EDF Workshop Opens Door for Improved Fisheries Cooperation in the Philippines

Diverse group of stakeholders discussed solutions to shared challenges

November 27, 2018
Diane Hidalgo, Evident Communications 09989712385, diane@evident.ph
Matthew Smelser, +1 202.572.3272, msmelser@edf.org

(MANILA, Philippines – Nov. 27, 2018) Fishing industry stakeholders gathered last week in a collaborative workshop hosted by Environmental Defense Fund’s (EDF) Philippines program aimed at tackling pressing problems like overfishing. The convening is the first in a series of engagements EDF will host, where representatives from across the industry can discuss solutions to shared fisheries problems and spur innovative solutions in the country and region.

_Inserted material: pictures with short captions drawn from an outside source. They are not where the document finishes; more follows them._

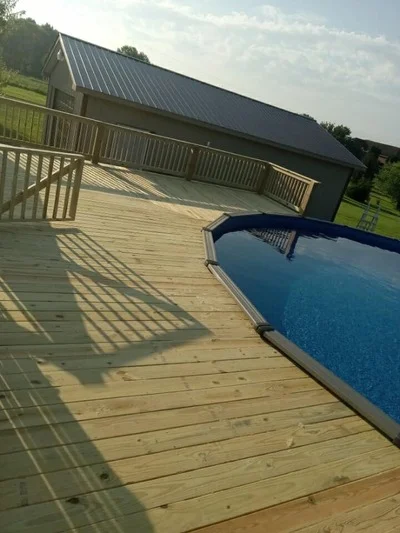 Wooden deck with railings adjacent to in-ground pool and residential home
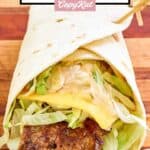 Homemade McDonald's big mac wrap on a wood cutting board.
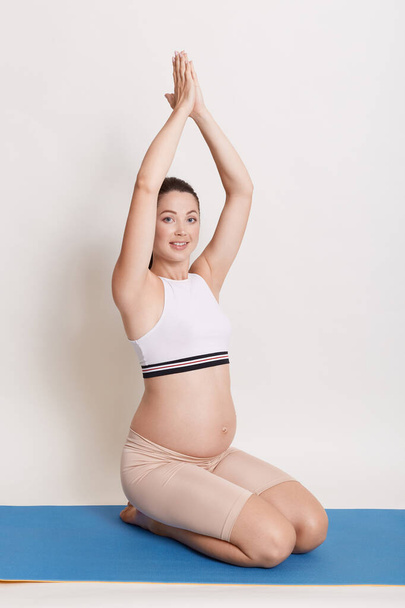 Portrait of pregnant woman doing yoga while sitting with raising palms on blue yoga mat, expectant mother looking smiling at camera, showing her bare belly. - Фото, изображение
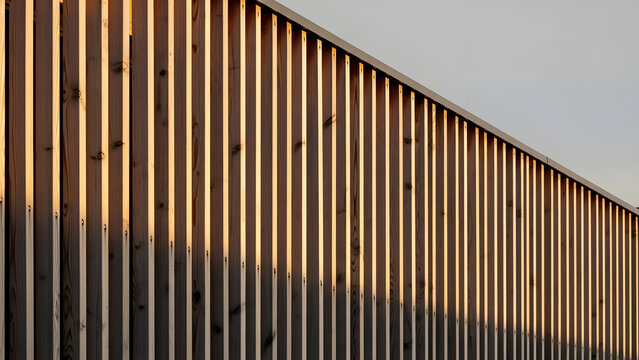 Modern Wooden Slat Wall Exterior Facade with Dramatic Sunlight Shadow Play Sustainable timber construction facade detail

Attendees at the event held in Clark, Philippines included representatives from local governments, private sector businesses and academia. EDF will use the convenings to gather key insights and recommendations which they will share with The Department of Agriculture, Bureau of Fisheries and Aquatic Resources and other national agencies working on fisheries issues in the Philippines.

“We have designed these workshops to help government and non-government entities achieve sustainable fishing here in the Philippines,” said Edwina Garchitorena, Country Director of Environmental Defense Fund Oceans Program, Philippines. “If we can sustainably manage our wild fisheries, they can help us support our population’s needs for food, nutrition and a better way of life.”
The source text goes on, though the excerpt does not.